SOLÓRZANO PEREIRA Juan de De iusta indiarum occidentalium inquisitione, acquisitione & retentione Ex typographia Francisco Martinez, Matriti (Madrid) 1629, small in-folio (20 x 29,5 cm), (6) 751 pp. (100), contemporary vellum
First edition, very rare. A very attractive frontispiece-title by Roberto Cordier showing an altar with allegories of Faith and Religion, the king of Spain with one foot on an Globe supported by Neptune. A second volume was published in 1639 on the government of the West Indies.
Contemporary speckled limp vellum. Jansenist spine. Red morocco title-piece. Spine faded with black spots. Small lacks to head and foot of joints. Trace of a yellow dampstain to right-hand corner of last twenty leaves. Letter to Phillip IV of Spain and introductory portions lacking, a total of 11 leaves.
In 1618, Juan de Solórzano Pereira wrote the king a petition to make him part of a book project on the West Indies. King Philip IV was seduced by the general idea of legally asserting once and for all the legitimacy of the Spanish possessions in America and financed the first book on justice, but not the second on the forms of government, which appeared in 1639. The author had been a judge in Lima since 1609 by Royal appointment. The Viceroy of Peru appointed him Governor of Huancavelica, a mining outpost of key economic importance to Spain, an office he was to fill during his eighteen years in Peru, as well as Procurator to the Supreme Council of the Indies (Real y supremo consejo de Indias). Pereira developed an extensive and detailed knowledge of Spanish jurisprudence in the West Indies, studied numerous documents, and ended up with a significant wealth of knowledge, especially on the ancient customs of the indigenous peoples.
The first part of the book is dedicated to studying the laws that allowed the attachment of the American possessions to the crown of Castille. Here, the focus is the definitive legitimation of the Spanish possessions in America. The author then looks at the question of the Church and its relations with the Spanish crown, as well as laws on government in general, the administration of justice, and finally the laws regulating relations with the indigenous peoples and territories. The importance of Pereira's work is to be found in his relentless effort to find the history and origin of each law.
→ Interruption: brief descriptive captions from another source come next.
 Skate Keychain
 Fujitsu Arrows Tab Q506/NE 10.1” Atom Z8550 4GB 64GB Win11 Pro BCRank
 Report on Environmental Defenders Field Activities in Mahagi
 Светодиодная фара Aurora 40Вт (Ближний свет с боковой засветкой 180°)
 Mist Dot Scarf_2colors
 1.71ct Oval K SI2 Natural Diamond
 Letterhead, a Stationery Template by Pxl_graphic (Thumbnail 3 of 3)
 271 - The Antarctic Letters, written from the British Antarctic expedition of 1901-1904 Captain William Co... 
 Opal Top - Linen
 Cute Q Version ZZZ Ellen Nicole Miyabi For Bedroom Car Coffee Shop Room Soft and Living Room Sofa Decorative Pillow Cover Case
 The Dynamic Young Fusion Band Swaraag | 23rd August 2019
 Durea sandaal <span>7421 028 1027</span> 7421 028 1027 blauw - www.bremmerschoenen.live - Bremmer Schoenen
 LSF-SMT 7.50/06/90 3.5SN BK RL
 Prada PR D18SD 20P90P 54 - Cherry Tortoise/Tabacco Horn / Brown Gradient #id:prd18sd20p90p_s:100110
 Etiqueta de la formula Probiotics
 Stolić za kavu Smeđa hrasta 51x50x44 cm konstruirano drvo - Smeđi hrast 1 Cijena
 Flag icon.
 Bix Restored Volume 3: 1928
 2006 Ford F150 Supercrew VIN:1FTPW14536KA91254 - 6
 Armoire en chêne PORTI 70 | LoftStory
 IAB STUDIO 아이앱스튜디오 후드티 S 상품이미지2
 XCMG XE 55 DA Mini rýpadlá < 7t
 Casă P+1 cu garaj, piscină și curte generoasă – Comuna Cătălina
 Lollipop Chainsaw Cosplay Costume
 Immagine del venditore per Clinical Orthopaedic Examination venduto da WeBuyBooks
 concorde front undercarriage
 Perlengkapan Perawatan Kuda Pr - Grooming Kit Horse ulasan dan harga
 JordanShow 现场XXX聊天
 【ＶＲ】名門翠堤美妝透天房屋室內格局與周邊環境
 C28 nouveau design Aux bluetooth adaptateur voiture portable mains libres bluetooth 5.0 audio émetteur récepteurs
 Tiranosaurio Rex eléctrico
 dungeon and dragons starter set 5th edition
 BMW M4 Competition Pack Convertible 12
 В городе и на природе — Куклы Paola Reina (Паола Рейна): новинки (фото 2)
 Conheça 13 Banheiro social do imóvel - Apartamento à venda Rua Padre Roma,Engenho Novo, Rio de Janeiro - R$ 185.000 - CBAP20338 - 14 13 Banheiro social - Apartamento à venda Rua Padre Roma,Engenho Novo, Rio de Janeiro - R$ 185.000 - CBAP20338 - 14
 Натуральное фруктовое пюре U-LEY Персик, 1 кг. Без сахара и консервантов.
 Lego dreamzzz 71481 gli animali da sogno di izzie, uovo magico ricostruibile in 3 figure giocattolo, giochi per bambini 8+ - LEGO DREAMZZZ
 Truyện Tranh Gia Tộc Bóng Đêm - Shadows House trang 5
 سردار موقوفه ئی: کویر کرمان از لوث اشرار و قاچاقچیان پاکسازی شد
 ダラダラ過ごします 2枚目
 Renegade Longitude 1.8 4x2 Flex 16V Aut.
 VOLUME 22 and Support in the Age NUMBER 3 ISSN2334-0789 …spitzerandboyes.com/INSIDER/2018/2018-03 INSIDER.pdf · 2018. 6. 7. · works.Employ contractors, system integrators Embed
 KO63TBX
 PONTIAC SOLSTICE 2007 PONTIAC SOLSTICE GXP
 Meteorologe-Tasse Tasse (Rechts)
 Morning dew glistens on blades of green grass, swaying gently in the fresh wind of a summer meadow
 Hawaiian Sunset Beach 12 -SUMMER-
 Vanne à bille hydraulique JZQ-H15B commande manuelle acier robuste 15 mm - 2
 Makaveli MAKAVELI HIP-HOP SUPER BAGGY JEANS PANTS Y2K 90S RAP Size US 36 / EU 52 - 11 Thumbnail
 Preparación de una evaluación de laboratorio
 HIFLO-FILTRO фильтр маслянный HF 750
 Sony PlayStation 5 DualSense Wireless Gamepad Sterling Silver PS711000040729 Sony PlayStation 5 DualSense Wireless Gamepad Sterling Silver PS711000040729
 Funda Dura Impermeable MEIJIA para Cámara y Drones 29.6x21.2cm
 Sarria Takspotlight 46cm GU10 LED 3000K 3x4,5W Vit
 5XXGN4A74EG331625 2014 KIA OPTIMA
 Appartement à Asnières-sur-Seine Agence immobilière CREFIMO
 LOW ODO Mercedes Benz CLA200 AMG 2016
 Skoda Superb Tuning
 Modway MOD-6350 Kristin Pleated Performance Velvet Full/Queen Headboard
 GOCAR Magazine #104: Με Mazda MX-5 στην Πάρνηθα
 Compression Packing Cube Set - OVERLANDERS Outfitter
1680 saw the publication of the famous collection of the laws of the Indies, (the
Recopilacion de las leyes des las Indias), but this could not replace the excellent work of Pereira, who spent a long time studying the oldest laws as well as those of the Indies. In fact, all the ancient laws, and their indigenous origins, disappeared from the collection of the laws of the Indies, and Pereira's work would remain key for the history of the West Indies and Spanish Americas.